In particolare, dopo aver provato a svalutare del 50% il valore dei cavalli in rame (stabilendone il cambio all’equivalente di 1/12 di Tornese), a seguito delle proteste decise di far coniare delle nuove monete in rame con un peso leggermente superiore a quello dei cavalli di Ferdinando I, mantenendone però intatto il valore pari a 1/6 di Tornese. Per comodità di commercio furono coniati anche doppi sestini, chiamati “grani”, del valore legale corrispondente a un denaro.

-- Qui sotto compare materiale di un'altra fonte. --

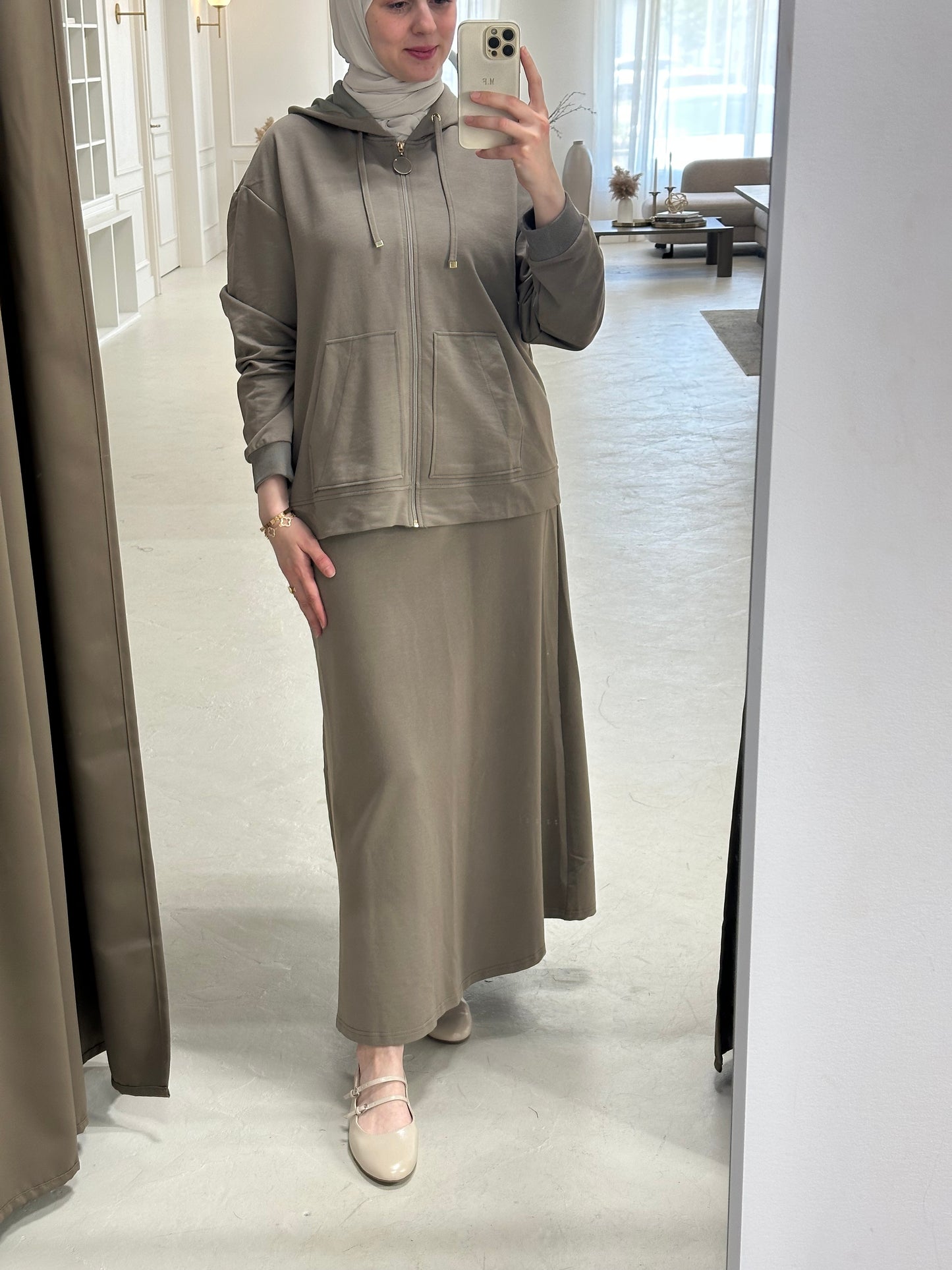 Dignity Set - طقم الوقار By Farah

Il sestino, dunque, aveva un diametro di circa 22mm e un peso nominale di 2gr (ma se ne trovano fino a 2,87gr!); sul diritto portava, come di consueto, il profilo coronato del Re (caratterizzato da capelli visibilmente più lunghi rispetto ai predecessori) e al rovescio al croce potenziata; entrambe le figure erano inscritti in un cerchio che poteva avere un bordo liscio o perlinato.
L’epigrafe al diritto recitava “FEDERICUS DEI GRATIA REX SICILIAE HIERUSALEM” mentre al rovescio “SIT NOMEN DOMINI BENEDICTUM”. Come sempre, le varianti nella abbreviazione delle epigrafi erano numerose e il Corpus Nummorum Italicorum ne riporta 27; il Pannuti-Riccio, normalmente più sintetico, distingue solo due varianti in base al ritratto del sovrano.
Nella moneta della mia collezione, sebbene il bordo sia piuttosto sciupato, si legge chiaramente “FEDERICUS ° D ° G ° R ° SI” al diritto e “+ SIT : NOMEN : DNI : BENEDIT” al rovescio: dovrebbe corrispondere alla variante 101 del CNI e alla 11 del P/R.